Theatre

Hitting A Brick Wall/Love Song Dedication @ BAC, London



devised and performed by
Rosie Dennis
Rosie Dennis is a performance artist from Sydney who combines movement, music and words to create short intense installation pieces.

I must admit the word installation makes me a tad apprehensive. It connotes to me something that I may well find idea-heavy but impenetrable. But that wasnt the case at all here.

As part of the BAC’s Burst festival Dennis is performing a double bill of two of her works, Hitting A Brick Wall and Love Song Dedication. The first of these pieces, she explains to us, is about waiting and wanting and winning. It begins with her standing before us in a stripy satin dress and equally stripy shoes. She then slowly dons a sash and a tiara before launching into a jerky angular dance. As she spasms and twists, her poses bring to mind a shop-window mannequin, a damaged doll.

This dance gradually morphs into a stuttering speech of acceptance: thank you, thank you, she repeats into an invisible microphone. ‘This means so much to me.’

Her way of speaking is measured and repetitive, theres a musical quality to it. The date on the sash reads 1985, and there is something both amusing and sad about this. The act of a winning for this woman has become a frozen moment and clearly nothing else since has matched it.

She then describes attending a party where she is forced to make a speech, where people expect things of her, though she does not know exactly what they expect. She concludes the piece by describing her need to retreat to a room, a space where she feels safe and still. She repeats this desire over and over again as shots of a bare, empty room are projected on a screen on the wall behind her.

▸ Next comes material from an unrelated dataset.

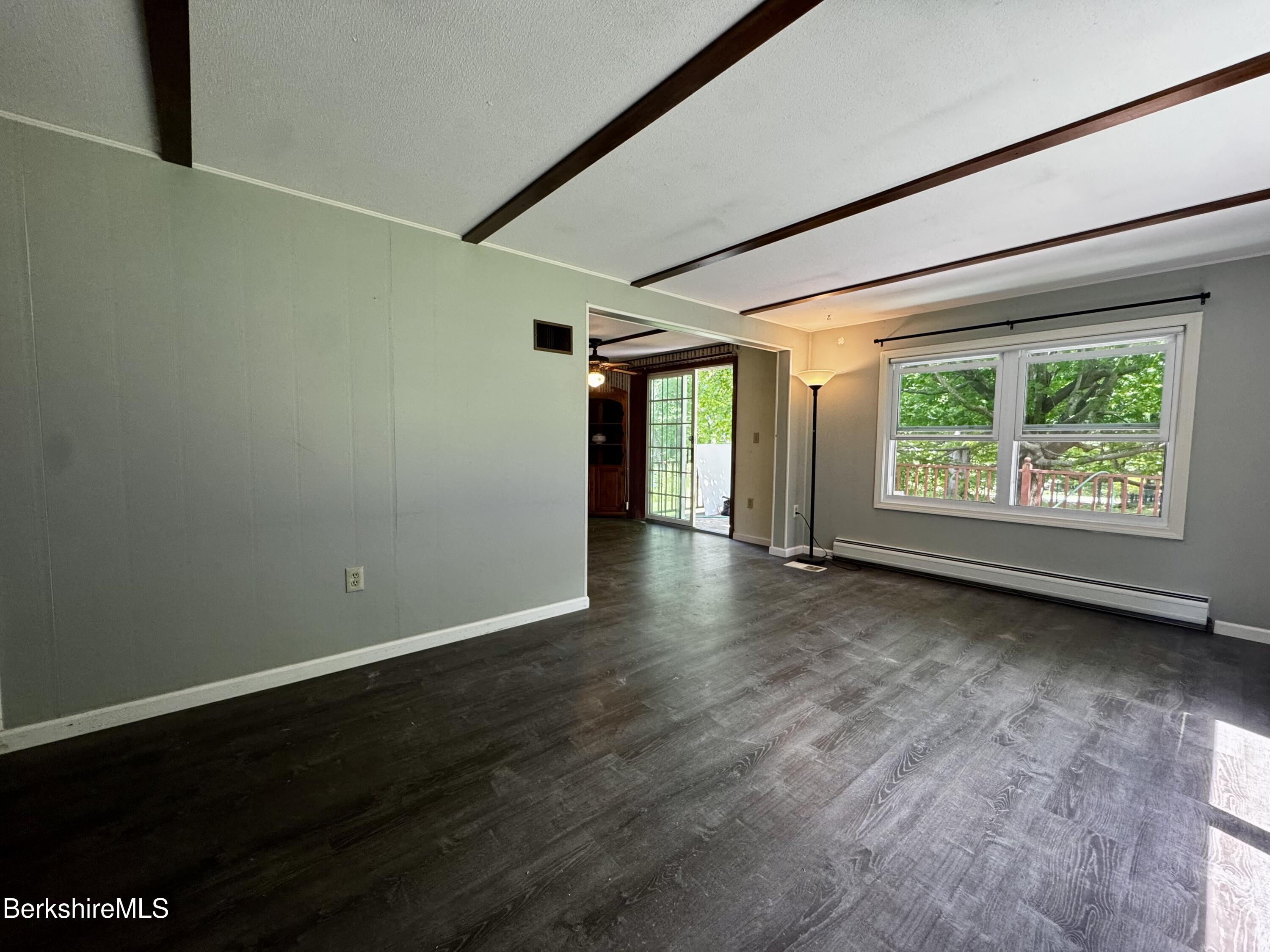 180 Orlando Ave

In the second piece, Love Song Dedication, Dennis again makes use of a looping, repetitive way of speaking. Here she charts the various stages of a relationship, counting them off. She describes falling in love and then falling out of love, a twisting road. Again there is dancing: a series of rapid staccato movements followed by a burst of intense, heavy breathing, near hyper-ventilation, panic attack. Her limbs are taut, her movements jagged yet modulated. Yet the piece is not as intense as this would suggest, and in fact there is much humour in it, in the choice of music, in the way she words things.

This, for me, was the more satisfying of the pieces. The fragmented story of a love growing then falling apart was both funny and moving, with a lingering sense of regret at the end. As a performer, Dennis throws her whole self into these works. They are complete pictures, intensly physical, like looping tapes. And though there is condsiderable poignancy in her work, it does not dominate, these pieces are more layered than that – small things that leave an imprint.